Normalization in Machine Learning

Normalization is a data preparation technique that is frequently used in machine learning. The process of transforming the columns in a dataset to the same scale is referred to as normalization. Every dataset does not need to be normalized for machine learning. It is only required when the ranges of characteristics are different.

Normalization techniques in Machine Learning

If you’re new to data science and machine learning, you’ve certainly questioned a lot about what feature normalization in machine learning is and how it works.

The most widely used types of normalization in machine learning are:

  • Min-Max Scaling – Subtract the minimum value from each column’s highest value and divide by the range. Each new column has a minimum value of 0 and a maximum value of 1.
  • Standardization Scaling –  The term “standardization” refers to the process of centering a variable at zero and standardizing the variance at one. Subtracting the mean of each observation and then dividing by the standard deviation is the procedure:

The features will be rescaled so that they have the attributes of a typical normal distribution with standard deviations.

Normalization and standardization

Normalization and standardization are not the same things.
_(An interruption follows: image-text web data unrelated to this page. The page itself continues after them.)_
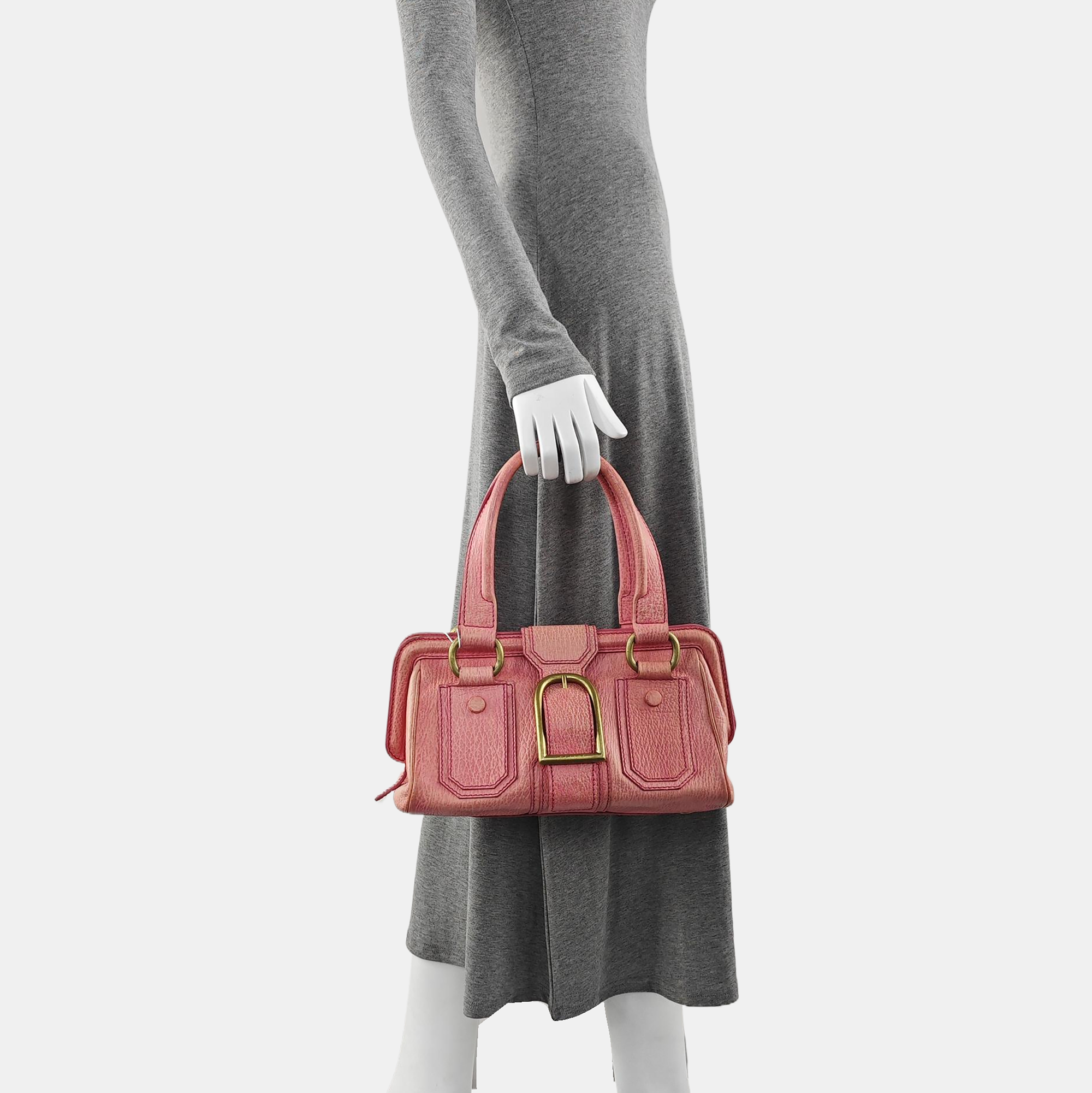 Leather Top Handle Bag Pink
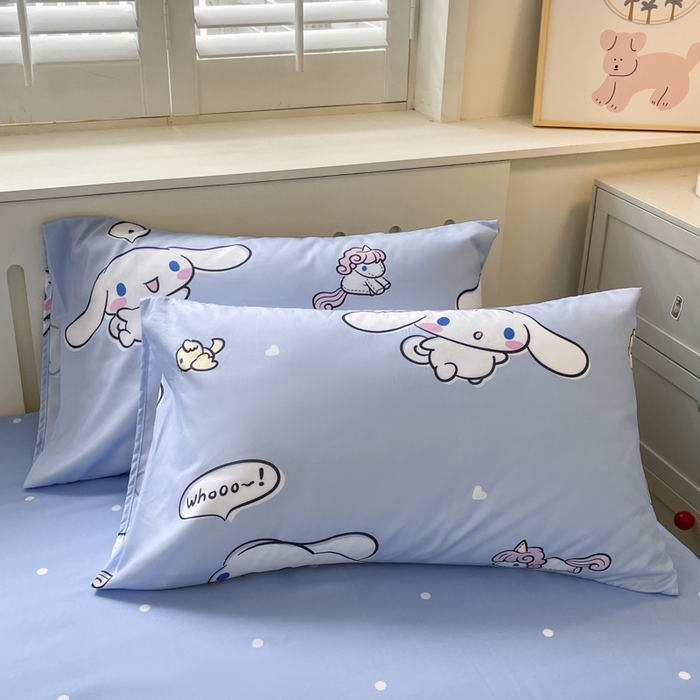 91家纺网 家纺一手货源 找家纺 港岛妹妹 2025新款云朵水洗工艺三丽鸥四件套 三丽鸥-牛奶玉桂狗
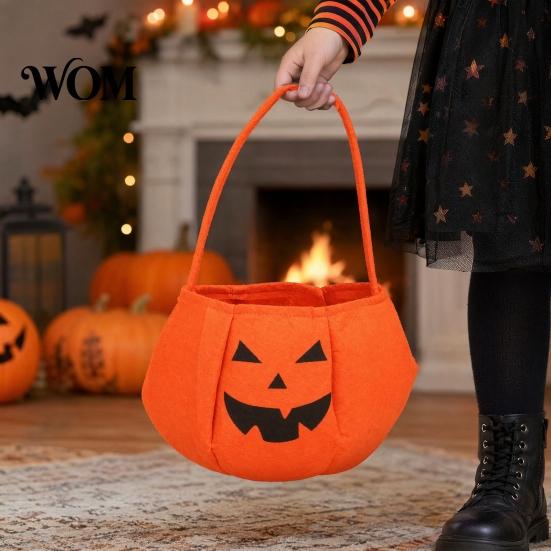 Flexible Hand Strap Bag Halloween Pumpkin Candy for Kids, Small Trick or Treat Bucket, Party Favor Soft Face Basket with Handle Decoration Stiff Tote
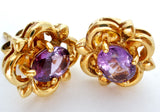 18K Yellow Gold 2.5 Ct Amethyst Earrings - The Jewelry Lady's Store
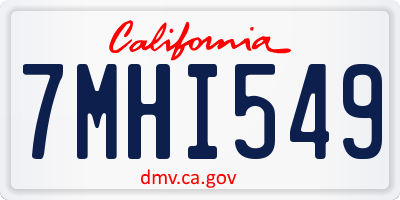 CA license plate 7MHI549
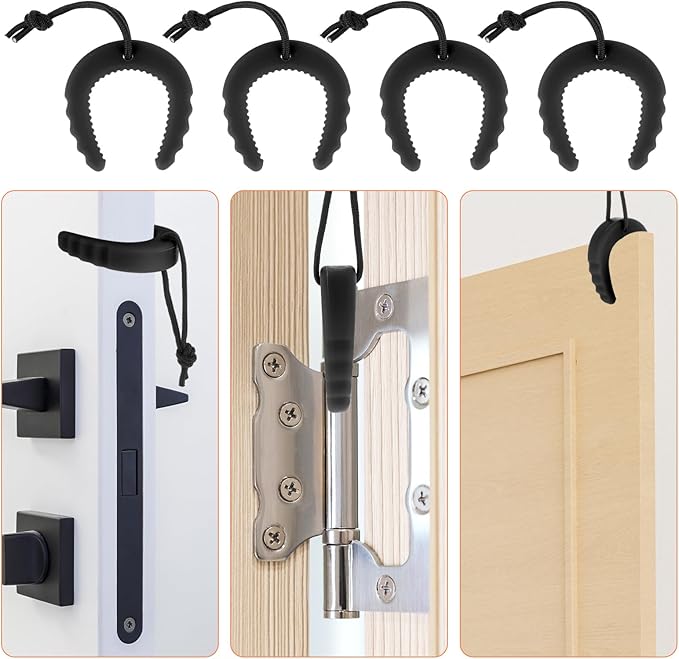 HJZHII 4 PCS First Responder Door Stop, Door Jam for Law Enforcement Door Pinch Guard from Closing Edge Door Finger Guards Security Emergency Police Door Stoppers Emergency Medical Services(Black)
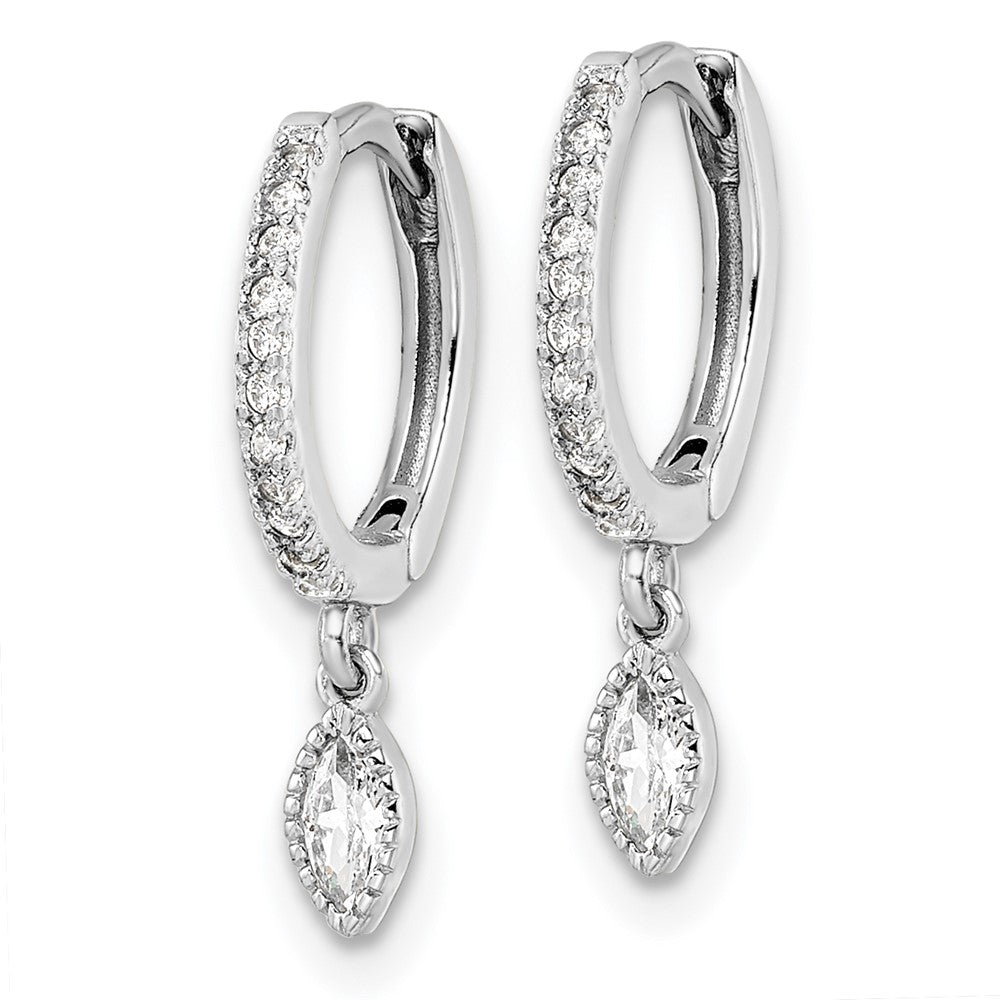 Sterling Silver Rhodium-plated Polished CZ Hinged Hoop Earrings - Product Photo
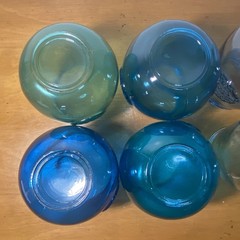 San Miguel Wine Glasses Authentic 100% Recycled Tumblers Blue 14 Oz, Set Of 6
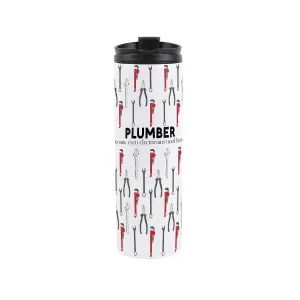 Plumber Travel Mug - Novelty Trades Gift Stainless Steel Vacuum-Sealed Double-Walled Hot/Cold Drinks Travel Flask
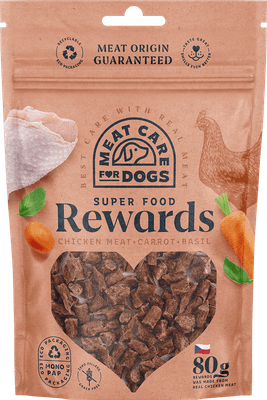 MEAT CARE REWARDS DOG 99805 maškrta - kuracie s mrkvou a bazalkou 80g
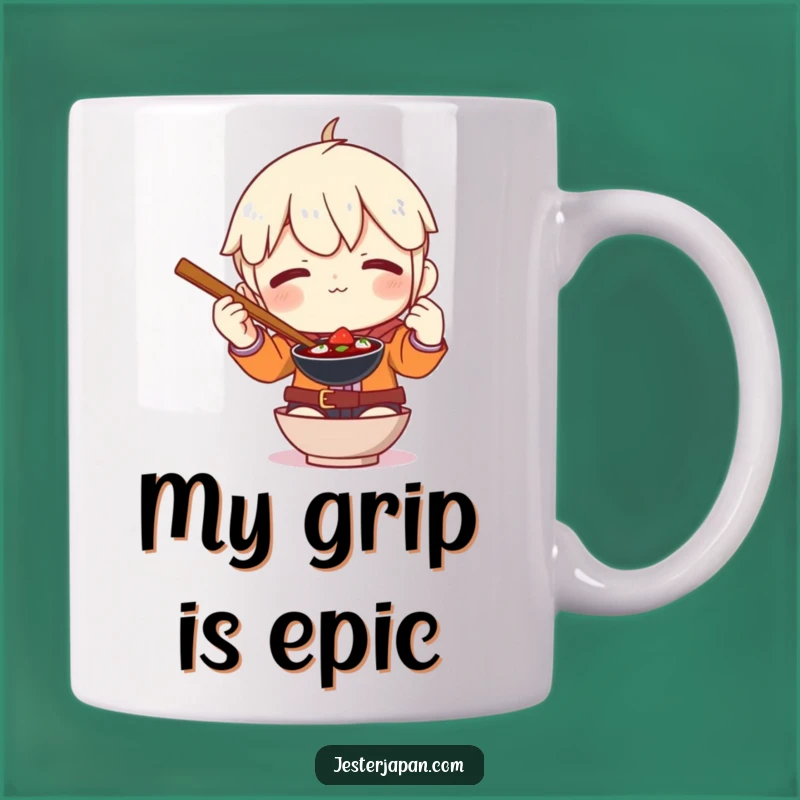 This mug captures the universal struggle of mastering oversized chopsticks with a comical character. It's a perfect, funny gift for anyone who loves Asian cuisine but battles with their utensils.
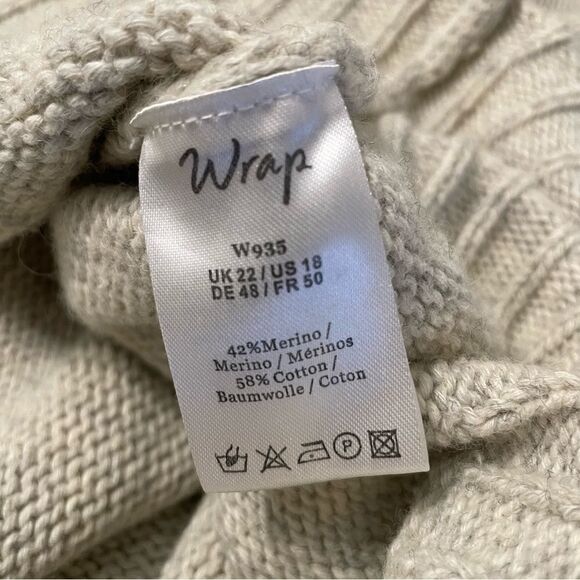 WRAP Designed in London Heather Gray Merino Wool Sweater/Poncho Sz-US18 - Picture 9 of 14
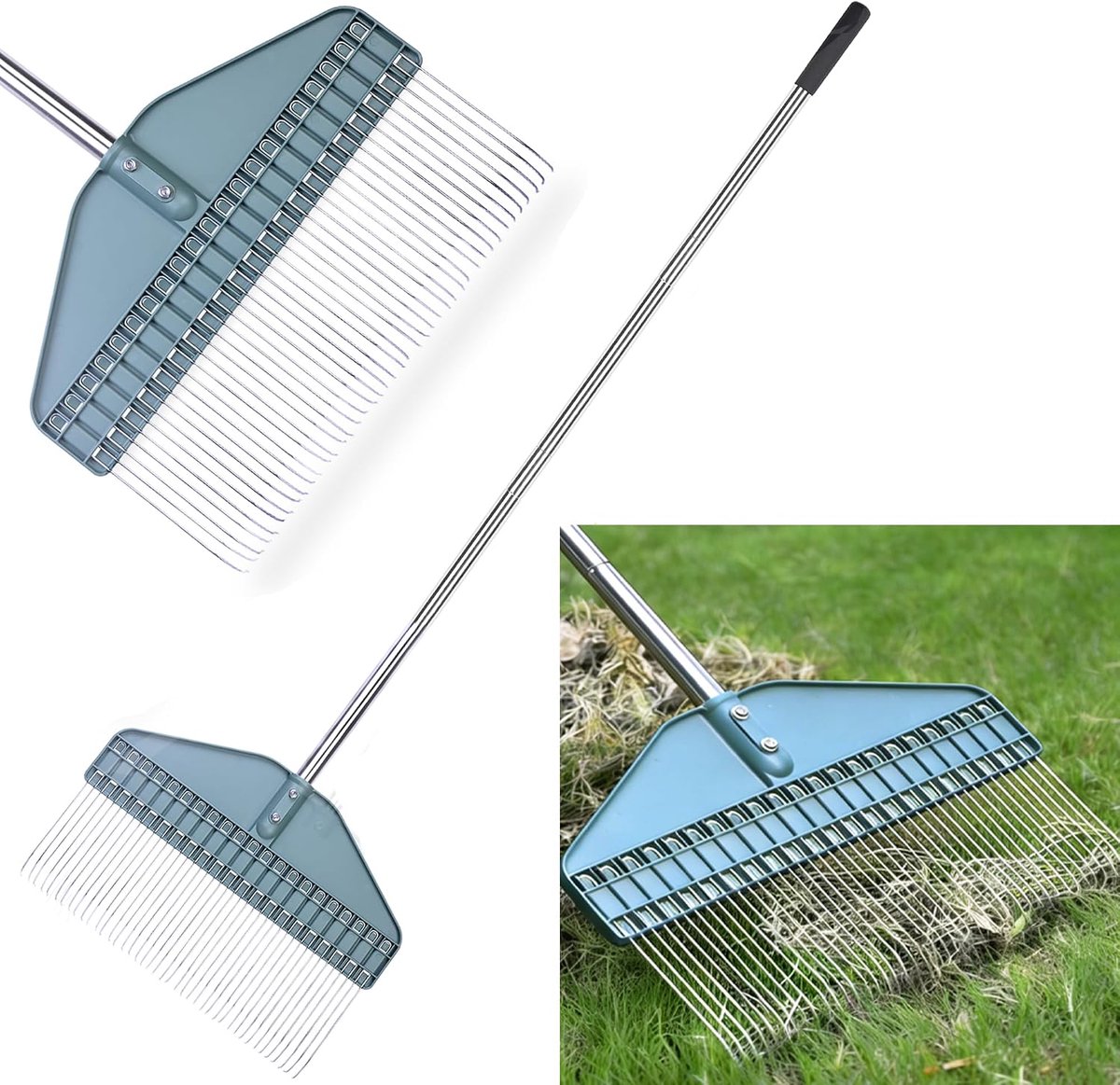 Thijox - Gazonrieten hark voor bladeren, tuinhark met 43 cm kop en 66 inch roestvrijstalen handvat - Ideaal voor tuin, gazon, struik, tuinbedden en pl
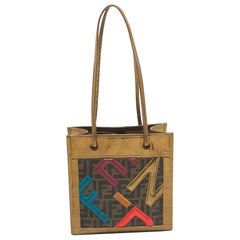 Fendi Metallic Zucca Coated Canvas and Leather Mini Tote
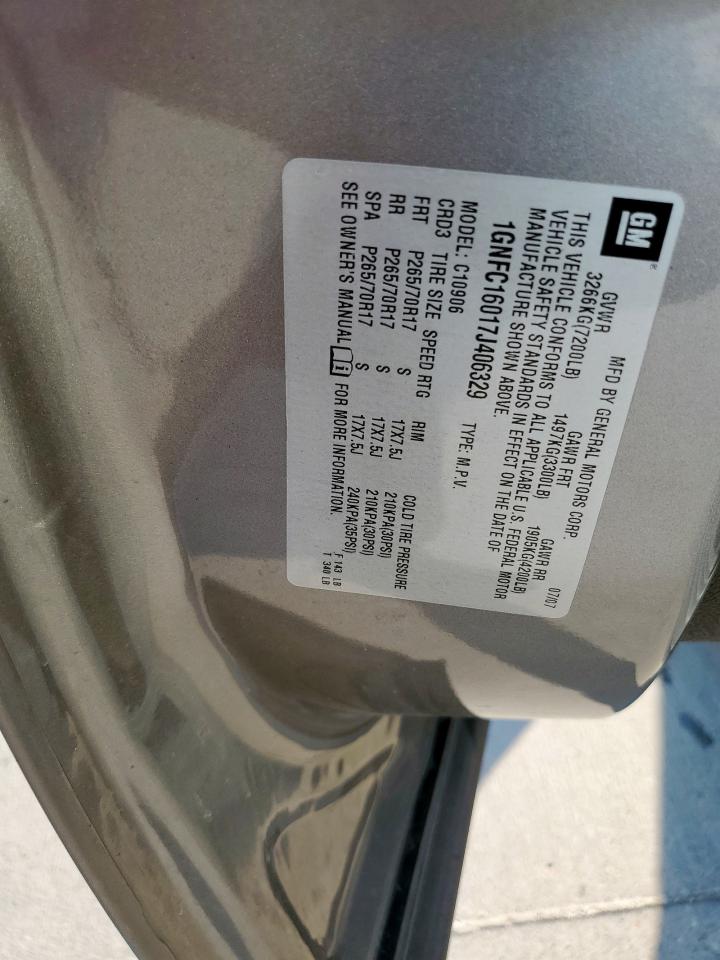 2007 Chevrolet Suburban C1500 VIN: 1GNFC16017J406329 Lot: 81088985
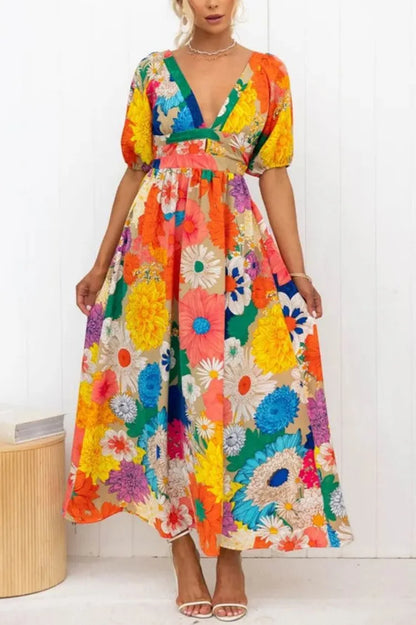 Territory Floral Print Colorful Puff Sleeve Women Long Dress V-neck Lace Up Elastic High Waist Vestidos Summer Party Streetwear Robes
Standardization, interestingly, refers to setting the mean to zero and the standard deviation to one. Normalization in machine learning is the process of translating data into the range [0, 1] (or any other range) or simply transforming data onto the unit sphere.

Some machine learning algorithms benefit from normalization and standardization, particularly when Euclidean distance is used. For example, if one of the variables in the K-Nearest Neighbor, KNN, is in the 1000s and the other is in the 0.1s, the first variable will dominate the distance rather strongly. In this scenario, normalization and standardization might be beneficial.

An instance of standardization is when a machine learning method is utilized and the data is assumed to come from a normal distribution. One example is linear discriminant analysis or LDA.

When using linear models and interpreting their coefficients as variable importance, normalization and standardization come in handy. If one of the variables has a value in the 100s and the other has a value in the 0.01s, the coefficient discovered by Logistic Regression for the first variable will most likely be significantly bigger than the coefficient produced by Logistic Regression for the second variable.

This does not reveal whether the first variable is more essential or not, but it does illustrate that this coefficient must be large to compensate for the variable’s scale. Normalization and standardization change the coordinate system so that all variables have the same scale, making linear model coefficients understandable.

When to use normalization and standardization

  • When you don’t know the distribution of your data or when you know it’s not Gaussian, normalization is a smart approach to apply. Normalization is useful when your data has variable scales and the technique you’re employing, such as k-nearest neighbors and artificial neural networks, doesn’t make assumptions about the distribution of your data.
  • The assumption behind standardization is that your data follows a Gaussian (bell curve) distribution. This isn’t required, however, it helps the approach work better if your attribute distribution is Gaussian. When your data has variable dimensions and the technique you’re using (like logistic regression,  linear regression, linear discriminant analysis) standardization is useful.

As we stated before, every dataset does not need to be normalized for machine learning. It is only required when the ranges of characteristics are different.

Consider a data collection that includes two characteristics: age and income. Where the age spans from 0 to 80 years old, and the income extends from 0 to 80,000 dollars and up. Income is roughly 1,000 times that of age. As a result, the ranges of these two characteristics are vastly different.

Because of its bigger value, the attributed income will organically influence the conclusion more when we undertake further analysis, such as multivariate linear regression. However, this does not necessarily imply that it is a better predictor. As a result, we normalize the data so that all of the variables are in the same range.

  • We normalize training data to solve the model learning challenge. We make sure that the various features have similar value ranges (feature scaling) so that gradient descents can converge faster.